Strona:Jerzy Byron-powieści poetyckie.pdf/116

Z Wikiźródeł, wolnej biblioteki
Ta strona została skorygowana.
»Gdybyśmy się nigdy nie kochali tak serdecznie, gdybyśmy nie byli tak zaślepieni w tem kochaniu, gdybyśmy się nie byli nigdy spotkali i nigdy nie rozstawali, nigdybyśmy tak serdecznie nie byli cierpieli«.[1]
JAŚNIE WIELMOŻNEMU LORDOWI HOLLAND[2]
TĘ POWIEŚĆ POŚWIĘCA
WRAZ Z UCZUCIEM WDZIĘCZNOŚCI I POWAŻANIA
JEGO SERDECZNIE ZOBOWIĄZANY I SZCZERY PRZYJACIEL
BYRON
  1. MOTTO z R. Burnsa (»Pożegnanie z Nancy«. [Joasia]).

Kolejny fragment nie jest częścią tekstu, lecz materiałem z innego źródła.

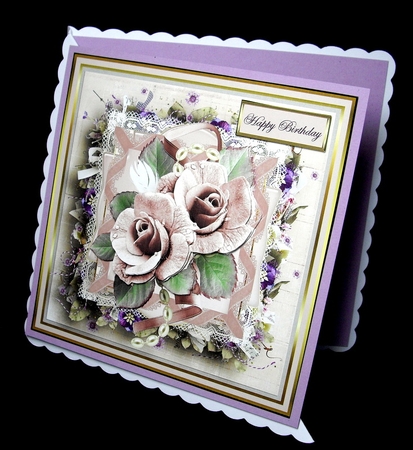 Lilac flower and pearls by Dianne Jackson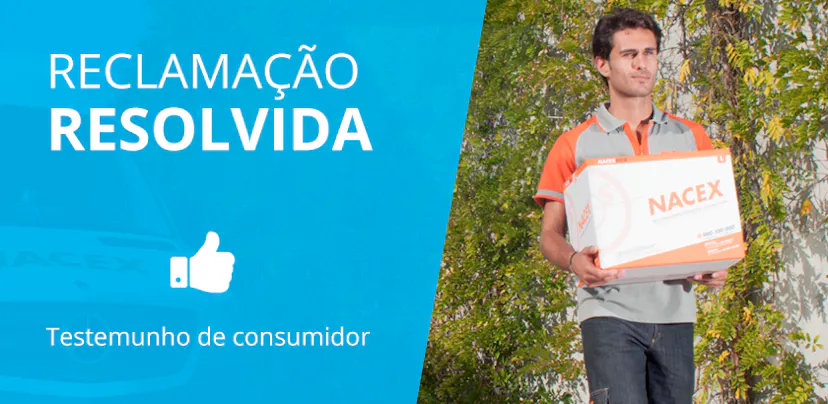 Nacex: Cliente d&aacute; nota m&aacute;xima por profissionalismo na resolu&ccedil;&atilde;o do seu problema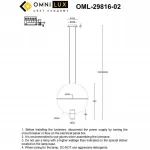 Подвесной светильник Omnilux Noci OML-29816-02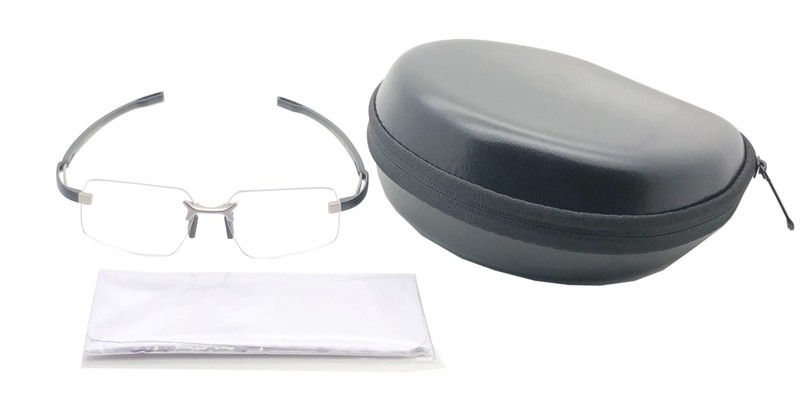 RSINC TAG Non Foldable Rimless Gray Titanium Eyeglasses 55-15-155mm men's frame gallery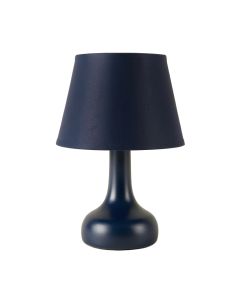Harbor Bend Table Lamp With A Plain Fabric Shade - Navy (synthetic illustration; no displayed measurements)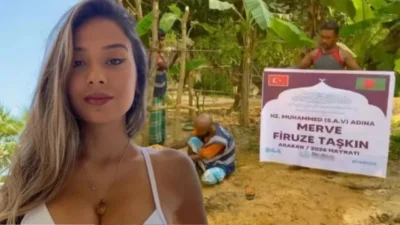 Sosyal medya fenomeni Merve Taşkın, Myanmar'ın batısında bulunan Arakan bölgesinde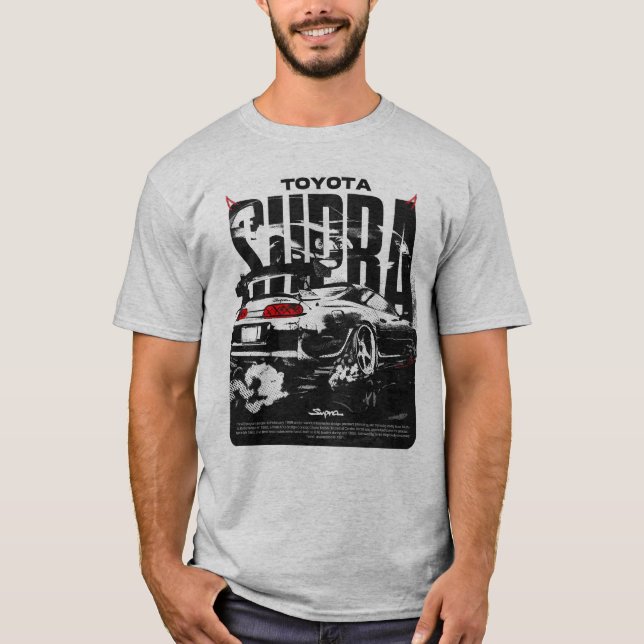 Toyota Supra Mk4 T Shirt (Framsida)
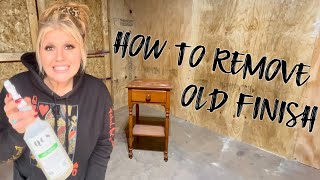 How to Safely Remove Old Finish from Furniture [upl. by Dagley]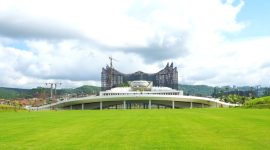 Plaza Seremoni Kota Nusantara di Kecamatan Sepaku, Kabupaten Penajam Paser Utara, Provinsi Kalimantan Timur. Foto: Antara/HO-dokumen Humas OIKN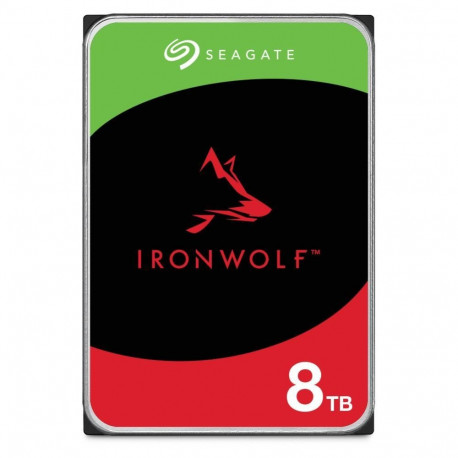 SeaGate HDD||IronWolf|8TB|SATA 3.0|256 MB|7200 rpm|Discs/Heads 5/10|3,5"|ST8000VN004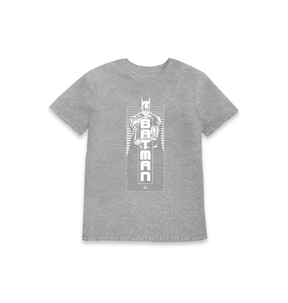 Grey Marl Printed Kids T-Shirt Front
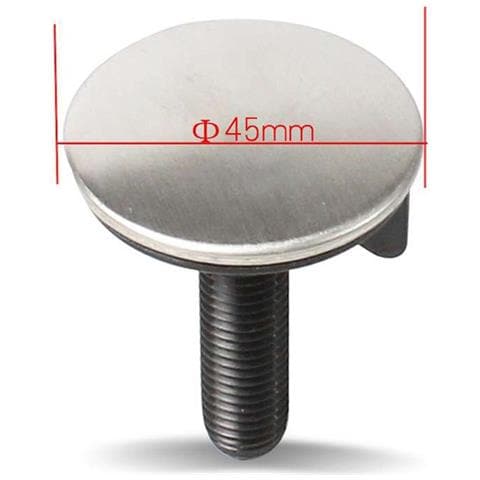 Copriforo Per Rubinetto Lavello In Acciaio Inox - Finitura Argento, Accessori Lavello - Foto 2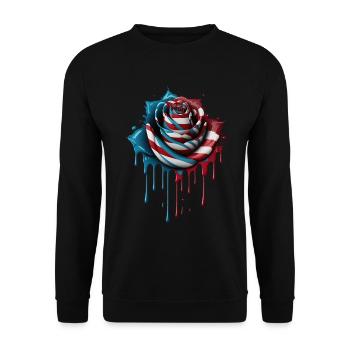 American Patriotic USA Design - Sweat-shirt Unisexe - noir - Devant - Alina (178cm) & Michal (187cm)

  2. DEDYKACJA — Lord Holland był synem sławnego parlamentarzysty Karola Jakóba Foxa. Wyśmiany przez Byrona w jego pierwszej literackiej satyrze za swoje literackie próby i za literacki salon, stał się potem jednym z najlepszych przyjaciół Byrona, w którego domu Byron bywał w okresie od 1812–1815 r. bardzo często.